Scientists with unusual research priorities have demonstrated that couples who fart together tend to stay together. That’s good. What’s better for expecting parents is that pregnancy farts are real — and no, you can’t blame the baby kicking. Along with weird cravings, constipation, and a few suitcases’ worth of prenatal vitamins, pregnant people get gas. Thanks to hormonal and physiological changes, they wind up farting, burping, and bloating for two. Let us reassure you that gas during pregnancy is common, healthy, and nothing to be ashamed of. Let it rip.

The average person farts up to 20 times a day, passing anywhere from 500 to 1,500 milliliters of gas. But for pregnant people, this number inflates because their bodies produce more progesterone. Progesterone causes the intestine muscles to relax to make room for a growing baby, says Dr. Michael Cackovic, an obstetrician-gynecologist at Ohio State University. These relaxed muscles also make it much easier for pregnancy farts to slip out.

As the fetus grows, it puts extra pressure on the abdomen. This contributes to pregnant people not just farting more, but farting more in inopportune places such as at work, with the in-laws, or during an exam from an obstetrician. A bun in the oven also makes it harder to push waste through the GI tract, slowing digestion. Prenatal vitamins contribute to constipation, creating a perfect gas storm. Bloating, burping, and farting inevitably follow.

“Pregnant women often complain of abdominal bloating and constipation likely caused by hormonal changes that affect small bowel and colonic motility,” Cackovic says. “Additionally, the pregnant uterus can cause a mechanical slowing of bowel transit, and this certainly could worsen as pregnancy advances into the third trimester.”

Pregnant people’s diets can further contribute to excessive pregnancy farts. But it’s not necessarily strange cravings for pickles and ice cream that do it. Rather, healthy dietary changes brought on by having a baby, such as eating more fruits and vegetables, can increase gas — especially if the pregnant person wasn’t paying much attention to their diet prior to getting knocked up.

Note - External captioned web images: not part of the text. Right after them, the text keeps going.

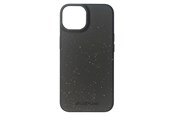 Mobil - Covers & Cases - GreyLime iPhone 14 Biodegradable Cover - Black - COIP14S01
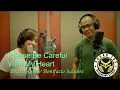 Download Lagu Please Be Careful With My Heart | Eva Doron \u0026 Bonifacio Salubre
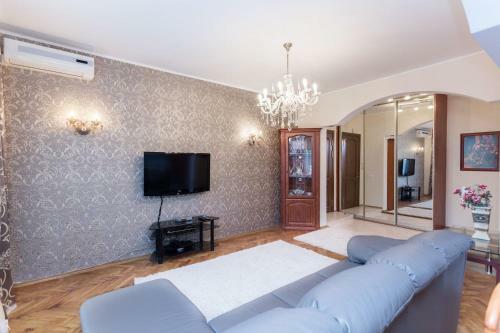 Natali Apartments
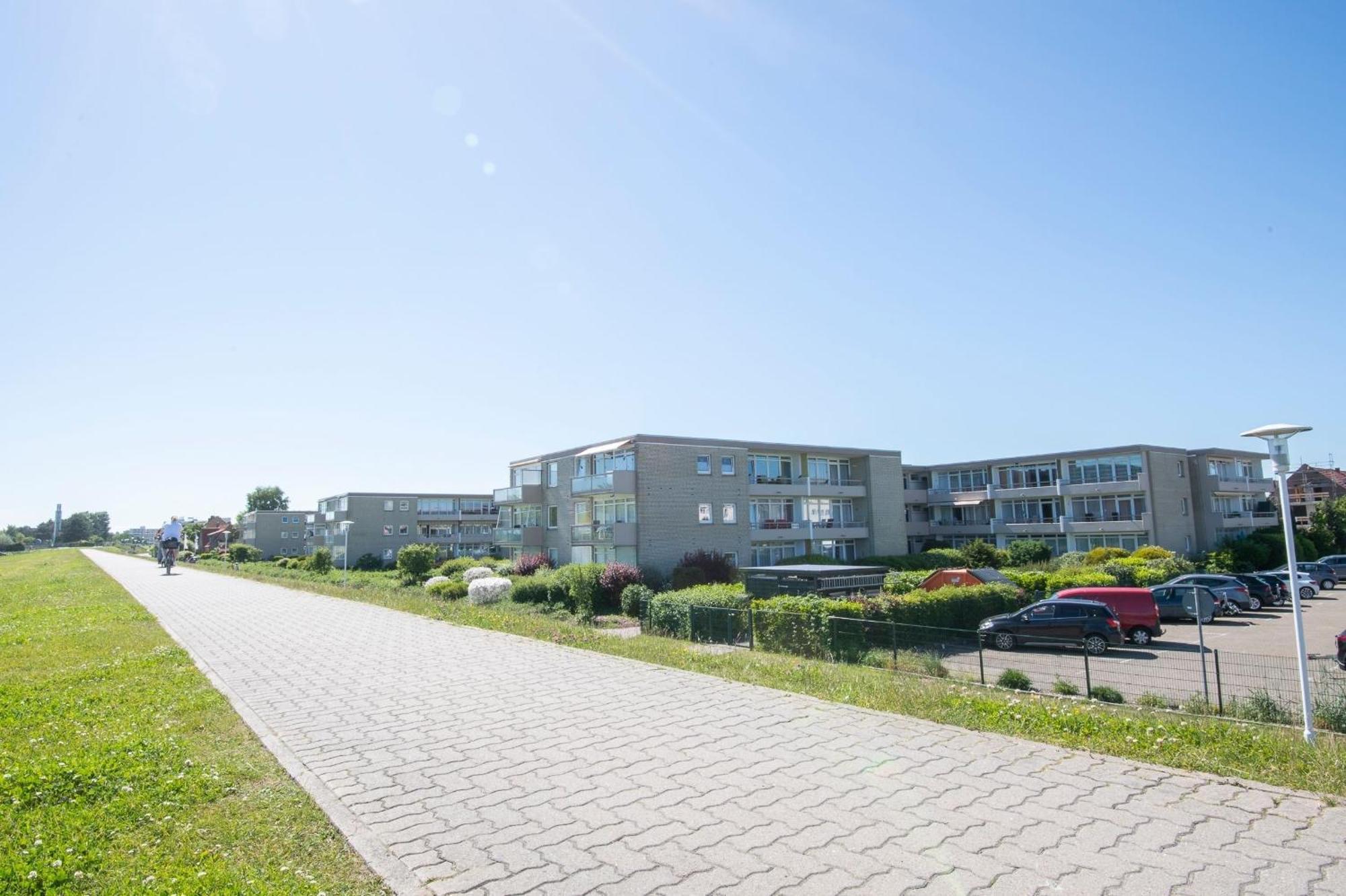 Baltic Duenenbude Grömitz Extérieur photo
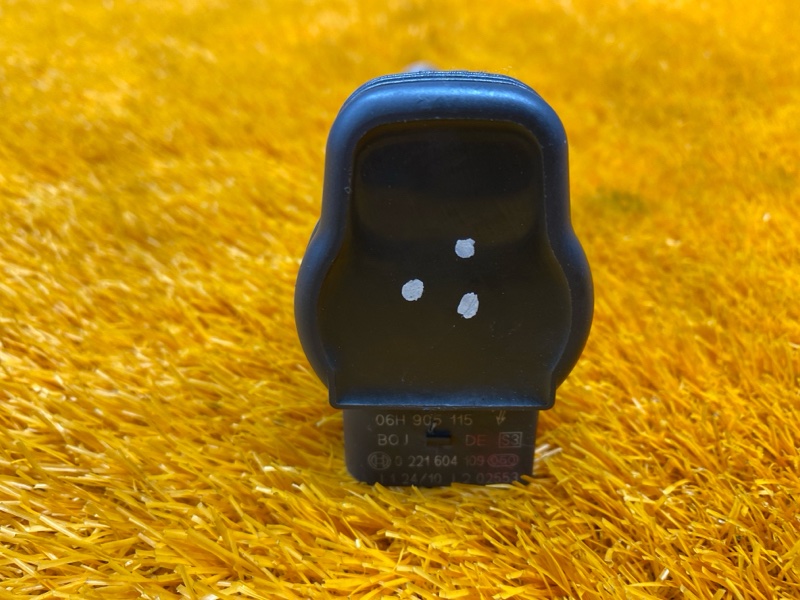 катушка зажигания, 1000 рублей, Красноярск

Are Pregnancy Farts Unhealthy?

Pregnancy gas is not, in and of itself, a bad thing. But during pregnancy, a build-up of gas can become harmful. If pregnant people are experiencing abdominal pain or constipation for more than a week, they should contact their doctors. Otherwise, excessive gas-passing is nothing to worry about and poses no danger to a growing baby.

That said, moms-to-be can reduce some of their pregnancy gas pains or discomforts by drinking plenty of water, getting enough exercise and sleep, and limiting dairy, pork, and processed foods, which can worsen flatulence.

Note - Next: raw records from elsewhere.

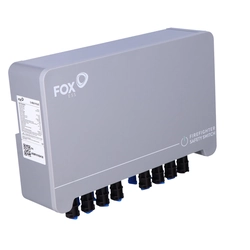Sezionatore DC per impianti fotovoltaici per 4 MPPT FoxESS 1500DC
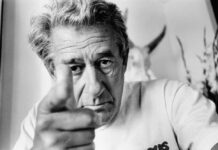 Helmut Newton #01: 23 Ocak 2004 helmut-newton-© Helmut Newton Foundation-kayitdisico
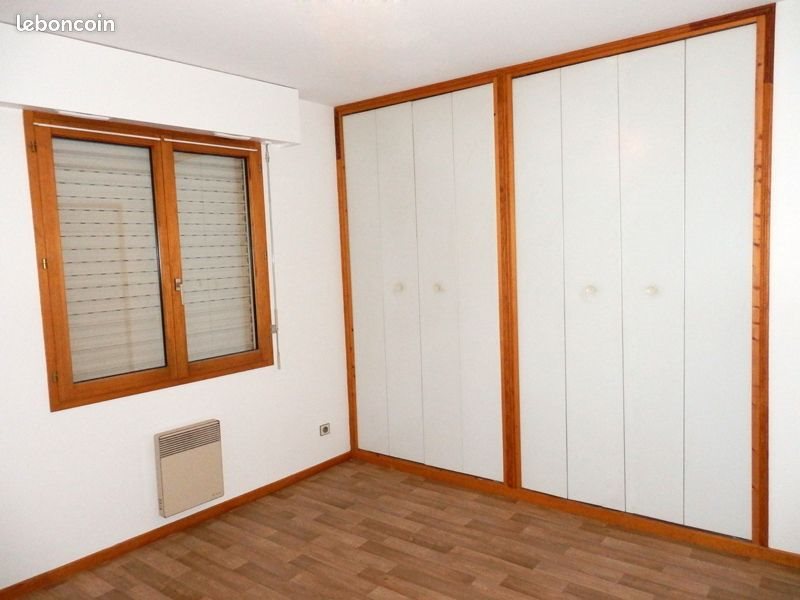 Appartement à louer, 51m², Mont-de-Marsan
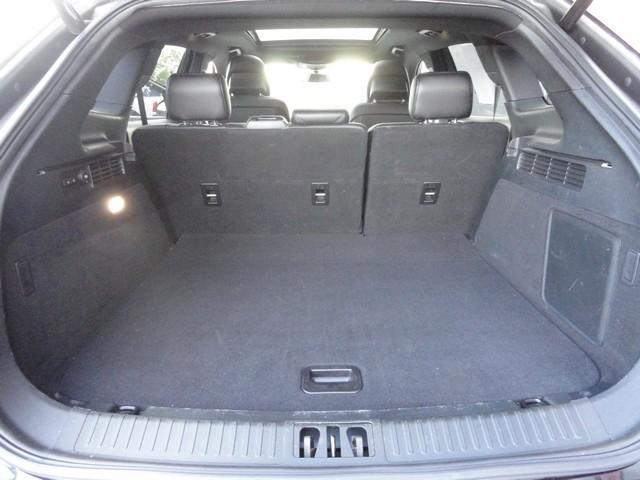 used 2019 Lincoln Nautilus car, priced at $19,855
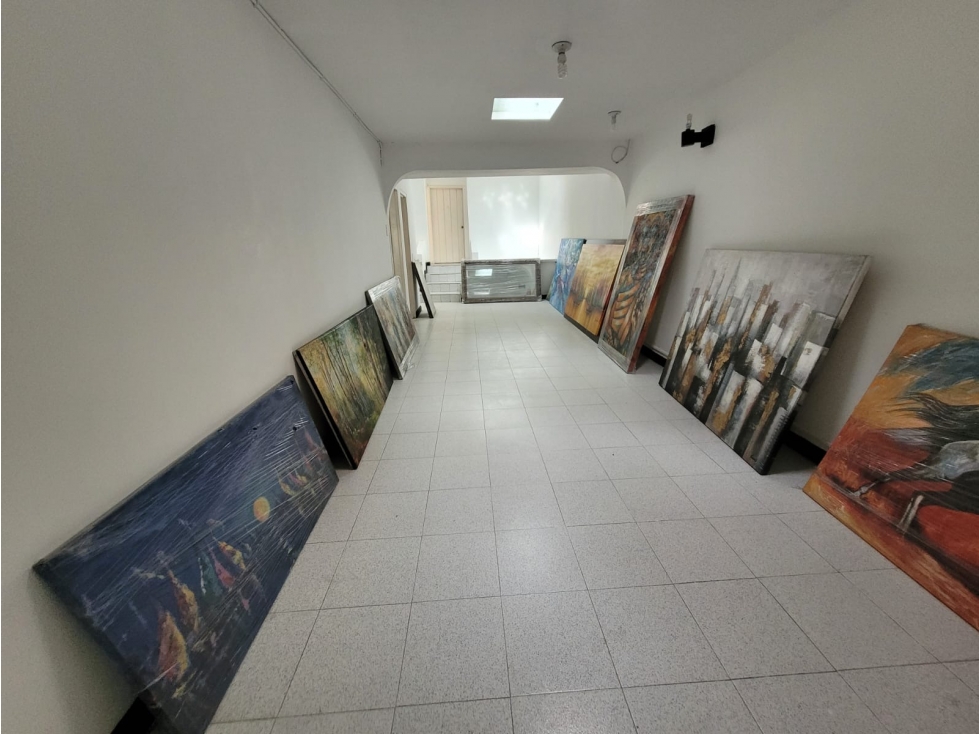 Se Vende Casa Comercial Avenida Bolivar Fundadores 9297742 — foto 4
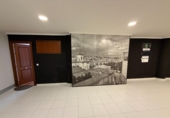 Oficina en alquiler con 42m² en Santander, Centro foto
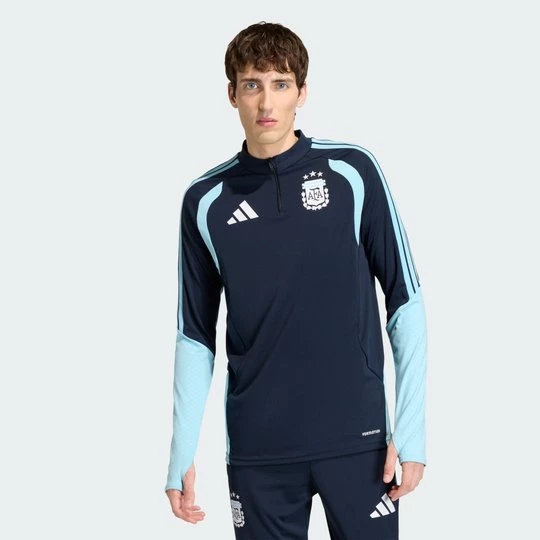 Obrázek produktu Tréninkový top Argentina 26 Tiro Adidas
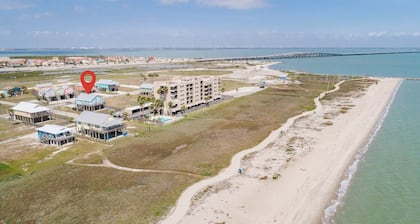 Gulf Breeze Beach House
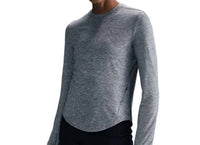 Nike - Swift Dri-fit Uv Long Sleeve Crew Top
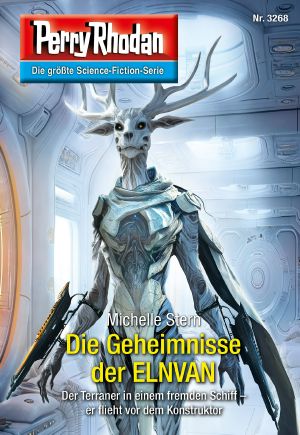 [Perry Rhodan 3268] • Die Geheimnisse der Elnvan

As powerful and plentiful as pregnancy farts are, they’re ultimately a sign that the pregnancy is progressing in a healthy way. They should be welcomed with open arms and plugged noses.

Small adjustments might offer relief, but nothing helps more than having a supportive partner farting by their side, Cackovic says. “Reassurance over the temporary inconvenience and support are the keys to getting through this.”